I am trying to to detect the a outgoing packets in my kernel(Netfilter) module. I am using a strcmp function to achieve it. The kernel always crashes after loading my kernel module with strcmp function. I tried removing the strcmp function - loaded without any problem. I hope the problem is with all string function, I also tried strstr() - my system crashed

The logic behind this, Incoming packet will have eth[0-9]+ assigned to "in->name" and "out->name" will be and vice-versa for outgoing packet.

Any insight to detect a outgoing packet? I knew another option is to use output_hook instead of prerouting and postrouting hook. But here I want to mangle both incoming and outgoing packet in different way. Does the kernel version I am using doesn't support string function inside modules?

$ uname -a
Linux vmdsk01 2.6.32-21-generic #32-Ubuntu SMP Fri Apr 16 08:09:38 UTC 2010 x86_64 GNU/Linux

Include Part

#include <linux/kernel.h>
#include <linux/module.h>
#include <linux/init.h>

#include <linux/netfilter.h>
#include <linux/netfilter_ipv4.h>

#include <linux/skbuff.h>
#include <linux/inet.h>
#include <linux/ip.h>
#include <linux/tcp.h>
#include <net/ip.h>

#include <linux/string.h>

Main Hook

31 unsigned int main_hook(unsigned int hooknum,  
32                   struct sk_buff *skb,
33                   const struct net_device *in,
34                   const struct net_device *out,
35                   int (*okfn)(struct sk_buff*))
36 {
37     if( strcmp(out->name, "<NULL>") == NULL ) // Outgoing packet must not have <NULL>
38     {
39         printk( KERN_INFO "OUTGOING PACKET");
40     }
41     ....

I also tried replacing line 37 with following, my system hangs

37     if( strstr(out->name, "eth") != NULL ) // Outgoing packet must have eth[0-9]+ 

Upvotes: 2

Views: 9336

Answers (2)

Gopi
Gopi

Reputation: 350

I understood the issue, the hook function is sequence of iterations like while(1) checking for packet. A iteration may or may not received a packet. If an iteration received a packet, the struct "out" would be available and its members could be accessible; I made a mistake by trying to access a member without checking availability of struct.

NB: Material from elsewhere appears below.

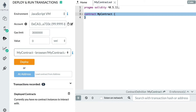Like in JavaScript, in Solidity we have arrays that allow us to represent a collection of data. In smart contracts, we use arrays very often and it's very important to understand how they work.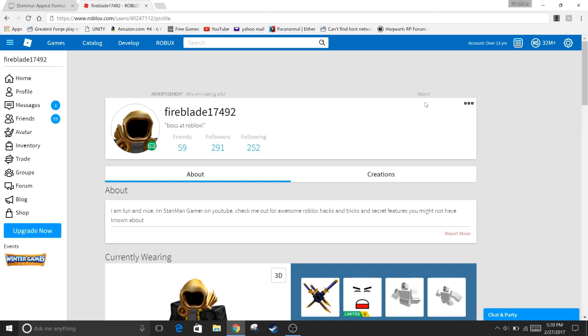So a few weeks ago, which is like a few seconds for you guys. Sorry, I'm sick a little. So I sent a letter to Builderman for a Dominus appeal and I was asking for the Dominus hat and here it is.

The following code fixed the purpose and working fine.

if(out)
{
    if( strcmp(out->name, "<NULL>") ) // Outgoing packet must not have <NULL>
    {
        printk( KERN_INFO "Outgoing Packet");
    }
}

Upvotes: 1

Alexander Dzyoba
Alexander Dzyoba

Reputation: 4189

You might have NULL pointer in out struct pointer. You may add some sanity checks in main_hook like:

unsigned int main_hook(unsigned int hooknum,  
                   struct sk_buff *skb,
                   const struct net_device *in,
                   const struct net_device *out,
                   int (*okfn)(struct sk_buff*))
 {
     if (!out)
         return -EINVAL;

     if( strncmp(out->name, "<NULL>", IFNAMSIZ) == 0 ) // Outgoing packet must not have <NULL>
     {
         printk( KERN_INFO "OUTGOING PACKET");
     }
     ....

So I've added check for out pointer and using strncmp instead of strcmp where IFNAMSIZ is size of out->name as defined in include/linux/netdevice.h. Also, str(n)cmp does not return NULL, it returns 0.

Check it and please provide any crash messages.